**Task goal**
Only lines with the string "Ford" are wanted. Pull them out of the data.

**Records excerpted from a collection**
○ ○ ○ ○ ○
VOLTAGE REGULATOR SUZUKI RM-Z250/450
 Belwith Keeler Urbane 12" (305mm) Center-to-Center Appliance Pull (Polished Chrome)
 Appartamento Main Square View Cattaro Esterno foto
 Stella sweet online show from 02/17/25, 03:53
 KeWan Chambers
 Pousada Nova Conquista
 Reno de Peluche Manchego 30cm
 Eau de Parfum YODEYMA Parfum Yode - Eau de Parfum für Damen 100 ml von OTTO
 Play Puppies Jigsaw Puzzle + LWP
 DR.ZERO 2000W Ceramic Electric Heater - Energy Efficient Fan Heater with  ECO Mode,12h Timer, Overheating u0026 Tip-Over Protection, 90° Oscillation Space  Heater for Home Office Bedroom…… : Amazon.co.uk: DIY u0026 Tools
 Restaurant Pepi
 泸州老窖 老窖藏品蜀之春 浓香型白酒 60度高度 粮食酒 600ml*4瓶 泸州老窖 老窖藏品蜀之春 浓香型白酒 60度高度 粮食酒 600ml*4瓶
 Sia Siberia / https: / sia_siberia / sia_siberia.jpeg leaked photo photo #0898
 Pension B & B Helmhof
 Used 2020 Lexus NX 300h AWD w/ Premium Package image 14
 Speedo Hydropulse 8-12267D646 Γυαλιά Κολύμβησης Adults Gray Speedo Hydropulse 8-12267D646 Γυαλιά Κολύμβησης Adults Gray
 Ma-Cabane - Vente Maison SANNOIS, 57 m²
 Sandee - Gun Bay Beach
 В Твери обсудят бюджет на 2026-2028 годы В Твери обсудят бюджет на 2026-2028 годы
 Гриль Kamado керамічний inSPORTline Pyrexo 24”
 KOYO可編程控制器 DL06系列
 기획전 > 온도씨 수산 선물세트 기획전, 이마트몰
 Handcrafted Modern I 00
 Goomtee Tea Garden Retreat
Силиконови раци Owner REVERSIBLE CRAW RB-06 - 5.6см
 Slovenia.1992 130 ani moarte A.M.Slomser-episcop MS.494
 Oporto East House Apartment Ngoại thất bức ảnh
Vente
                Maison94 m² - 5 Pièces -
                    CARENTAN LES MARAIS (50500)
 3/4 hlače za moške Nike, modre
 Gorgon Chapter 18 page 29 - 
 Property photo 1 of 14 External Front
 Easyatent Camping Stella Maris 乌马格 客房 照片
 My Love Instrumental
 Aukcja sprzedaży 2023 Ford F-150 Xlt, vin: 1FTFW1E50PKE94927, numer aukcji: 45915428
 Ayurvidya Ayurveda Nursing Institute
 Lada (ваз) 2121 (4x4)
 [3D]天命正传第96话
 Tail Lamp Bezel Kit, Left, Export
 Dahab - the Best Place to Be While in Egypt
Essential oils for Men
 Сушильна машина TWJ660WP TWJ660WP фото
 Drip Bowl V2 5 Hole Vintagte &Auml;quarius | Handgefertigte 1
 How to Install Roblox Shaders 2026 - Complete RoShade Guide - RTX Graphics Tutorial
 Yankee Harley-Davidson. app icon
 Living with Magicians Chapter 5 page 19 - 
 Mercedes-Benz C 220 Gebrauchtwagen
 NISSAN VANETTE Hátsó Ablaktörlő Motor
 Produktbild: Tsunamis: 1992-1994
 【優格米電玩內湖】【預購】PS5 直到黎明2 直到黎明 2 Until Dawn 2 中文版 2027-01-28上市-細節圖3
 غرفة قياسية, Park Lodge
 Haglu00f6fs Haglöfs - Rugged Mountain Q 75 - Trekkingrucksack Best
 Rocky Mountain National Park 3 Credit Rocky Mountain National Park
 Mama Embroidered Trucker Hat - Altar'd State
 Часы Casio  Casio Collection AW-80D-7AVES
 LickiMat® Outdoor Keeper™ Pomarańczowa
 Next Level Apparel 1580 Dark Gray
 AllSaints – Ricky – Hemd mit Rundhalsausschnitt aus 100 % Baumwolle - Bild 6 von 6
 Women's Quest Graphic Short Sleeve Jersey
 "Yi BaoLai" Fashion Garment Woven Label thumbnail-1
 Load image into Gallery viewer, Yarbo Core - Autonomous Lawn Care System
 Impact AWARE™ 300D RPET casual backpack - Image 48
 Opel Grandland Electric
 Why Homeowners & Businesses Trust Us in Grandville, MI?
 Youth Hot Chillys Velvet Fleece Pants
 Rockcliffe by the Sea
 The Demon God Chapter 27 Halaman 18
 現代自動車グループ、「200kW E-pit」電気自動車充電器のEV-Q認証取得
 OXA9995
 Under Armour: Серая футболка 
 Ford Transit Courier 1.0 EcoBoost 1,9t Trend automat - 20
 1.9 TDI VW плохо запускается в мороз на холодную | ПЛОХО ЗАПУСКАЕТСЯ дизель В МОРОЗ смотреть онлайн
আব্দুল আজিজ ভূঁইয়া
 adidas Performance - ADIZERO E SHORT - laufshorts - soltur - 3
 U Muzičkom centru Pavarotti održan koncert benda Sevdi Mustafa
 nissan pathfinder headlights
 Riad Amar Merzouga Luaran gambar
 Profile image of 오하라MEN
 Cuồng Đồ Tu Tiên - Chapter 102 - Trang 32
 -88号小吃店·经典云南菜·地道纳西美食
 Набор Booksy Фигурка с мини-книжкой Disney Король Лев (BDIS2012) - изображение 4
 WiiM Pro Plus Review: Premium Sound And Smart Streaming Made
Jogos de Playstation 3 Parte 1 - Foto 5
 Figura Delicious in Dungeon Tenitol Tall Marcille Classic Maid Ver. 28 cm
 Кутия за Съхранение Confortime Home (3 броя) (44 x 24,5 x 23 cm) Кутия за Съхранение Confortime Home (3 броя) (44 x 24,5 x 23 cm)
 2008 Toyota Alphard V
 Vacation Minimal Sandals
○ ○ ○ ○ ○
**Response to the exercise**
 Aukcja sprzedaży 2023 Ford F-150 Xlt, vin: 1FTFW1E50PKE94927, numer aukcji: 45915428
 Ford Transit Courier 1.0 EcoBoost 1,9t Trend automat - 20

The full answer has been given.